> _Problem_: Would you write out, word for word, each line of the records below from the top through the one holding "BMW 1 SERIES"?

Excerpts from a dataset
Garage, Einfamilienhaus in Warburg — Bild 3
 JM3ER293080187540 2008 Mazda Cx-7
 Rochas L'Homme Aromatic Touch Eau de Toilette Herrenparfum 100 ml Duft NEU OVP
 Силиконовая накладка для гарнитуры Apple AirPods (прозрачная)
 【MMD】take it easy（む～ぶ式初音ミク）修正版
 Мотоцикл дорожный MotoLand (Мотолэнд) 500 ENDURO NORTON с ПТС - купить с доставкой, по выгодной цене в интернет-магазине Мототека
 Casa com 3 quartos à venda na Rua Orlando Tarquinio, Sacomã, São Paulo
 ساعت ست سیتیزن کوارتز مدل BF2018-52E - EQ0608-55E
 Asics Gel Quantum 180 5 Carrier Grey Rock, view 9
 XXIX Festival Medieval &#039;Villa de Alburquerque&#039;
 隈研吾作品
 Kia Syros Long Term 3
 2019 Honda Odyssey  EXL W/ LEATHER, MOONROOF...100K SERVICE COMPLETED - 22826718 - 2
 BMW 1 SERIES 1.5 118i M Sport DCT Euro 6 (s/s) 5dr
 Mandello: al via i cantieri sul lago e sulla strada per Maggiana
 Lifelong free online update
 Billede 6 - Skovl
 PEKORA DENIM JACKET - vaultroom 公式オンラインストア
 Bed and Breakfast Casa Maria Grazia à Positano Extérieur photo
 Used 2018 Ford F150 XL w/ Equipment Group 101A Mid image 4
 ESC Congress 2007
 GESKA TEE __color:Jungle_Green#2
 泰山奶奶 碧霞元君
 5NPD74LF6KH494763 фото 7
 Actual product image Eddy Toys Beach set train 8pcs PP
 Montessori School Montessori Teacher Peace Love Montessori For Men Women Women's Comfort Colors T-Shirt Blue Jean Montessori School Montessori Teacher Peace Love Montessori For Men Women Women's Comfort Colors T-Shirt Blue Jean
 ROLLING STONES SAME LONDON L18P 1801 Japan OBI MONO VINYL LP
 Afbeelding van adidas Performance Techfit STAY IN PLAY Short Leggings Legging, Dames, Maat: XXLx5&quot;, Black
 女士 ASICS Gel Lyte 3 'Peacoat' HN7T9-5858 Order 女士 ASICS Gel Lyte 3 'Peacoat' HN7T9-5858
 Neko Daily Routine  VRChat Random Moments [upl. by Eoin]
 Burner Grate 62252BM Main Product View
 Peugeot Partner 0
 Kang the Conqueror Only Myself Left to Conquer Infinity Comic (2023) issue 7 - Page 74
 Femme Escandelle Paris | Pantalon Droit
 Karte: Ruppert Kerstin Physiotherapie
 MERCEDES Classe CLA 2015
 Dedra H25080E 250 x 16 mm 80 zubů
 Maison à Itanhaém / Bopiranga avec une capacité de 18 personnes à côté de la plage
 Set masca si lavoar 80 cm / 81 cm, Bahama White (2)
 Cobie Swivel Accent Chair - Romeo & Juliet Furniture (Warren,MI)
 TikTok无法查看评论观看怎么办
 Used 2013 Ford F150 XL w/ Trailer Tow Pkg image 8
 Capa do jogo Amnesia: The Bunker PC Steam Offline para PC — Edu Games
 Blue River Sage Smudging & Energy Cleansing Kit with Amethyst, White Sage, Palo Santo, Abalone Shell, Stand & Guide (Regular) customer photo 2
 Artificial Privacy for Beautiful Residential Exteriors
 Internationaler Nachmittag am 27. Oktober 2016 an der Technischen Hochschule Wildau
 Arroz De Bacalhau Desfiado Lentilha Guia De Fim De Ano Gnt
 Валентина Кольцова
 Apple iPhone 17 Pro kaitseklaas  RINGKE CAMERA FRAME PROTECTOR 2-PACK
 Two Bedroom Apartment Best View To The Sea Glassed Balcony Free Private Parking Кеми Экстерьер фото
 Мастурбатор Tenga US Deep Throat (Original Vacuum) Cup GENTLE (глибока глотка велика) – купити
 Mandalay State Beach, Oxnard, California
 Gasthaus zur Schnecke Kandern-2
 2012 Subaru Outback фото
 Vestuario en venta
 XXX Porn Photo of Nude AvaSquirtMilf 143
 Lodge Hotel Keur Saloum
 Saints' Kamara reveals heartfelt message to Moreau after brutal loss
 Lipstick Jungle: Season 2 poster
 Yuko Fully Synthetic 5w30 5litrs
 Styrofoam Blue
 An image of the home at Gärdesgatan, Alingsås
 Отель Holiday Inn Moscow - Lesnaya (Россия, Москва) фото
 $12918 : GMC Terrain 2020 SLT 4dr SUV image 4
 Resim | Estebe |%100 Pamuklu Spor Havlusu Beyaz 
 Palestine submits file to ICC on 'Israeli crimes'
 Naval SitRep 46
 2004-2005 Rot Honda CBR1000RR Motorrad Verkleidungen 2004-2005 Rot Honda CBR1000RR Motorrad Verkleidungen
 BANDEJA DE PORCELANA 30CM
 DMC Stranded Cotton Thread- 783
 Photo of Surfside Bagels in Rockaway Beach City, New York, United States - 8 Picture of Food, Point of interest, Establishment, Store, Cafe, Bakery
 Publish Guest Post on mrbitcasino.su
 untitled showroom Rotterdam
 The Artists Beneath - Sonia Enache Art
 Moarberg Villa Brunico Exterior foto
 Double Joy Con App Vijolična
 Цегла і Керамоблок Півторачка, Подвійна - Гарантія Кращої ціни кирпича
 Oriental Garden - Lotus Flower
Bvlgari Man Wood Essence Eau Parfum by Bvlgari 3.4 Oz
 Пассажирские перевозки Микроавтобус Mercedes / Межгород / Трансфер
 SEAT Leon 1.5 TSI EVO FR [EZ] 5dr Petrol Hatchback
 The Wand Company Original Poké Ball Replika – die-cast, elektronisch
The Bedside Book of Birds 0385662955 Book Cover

> _Output of the exercise_:
Garage, Einfamilienhaus in Warburg — Bild 3
 JM3ER293080187540 2008 Mazda Cx-7
 Rochas L'Homme Aromatic Touch Eau de Toilette Herrenparfum 100 ml Duft NEU OVP
 Силиконовая накладка для гарнитуры Apple AirPods (прозрачная)
 【MMD】take it easy（む～ぶ式初音ミク）修正版
 Мотоцикл дорожный MotoLand (Мотолэнд) 500 ENDURO NORTON с ПТС - купить с доставкой, по выгодной цене в интернет-магазине Мототека
 Casa com 3 quartos à venda na Rua Orlando Tarquinio, Sacomã, São Paulo
 ساعت ست سیتیزن کوارتز مدل BF2018-52E - EQ0608-55E
 Asics Gel Quantum 180 5 Carrier Grey Rock, view 9
 XXIX Festival Medieval &#039;Villa de Alburquerque&#039;
 隈研吾作品
 Kia Syros Long Term 3
 2019 Honda Odyssey  EXL W/ LEATHER, MOONROOF...100K SERVICE COMPLETED - 22826718 - 2
 BMW 1 SERIES 1.5 118i M Sport DCT Euro 6 (s/s) 5dr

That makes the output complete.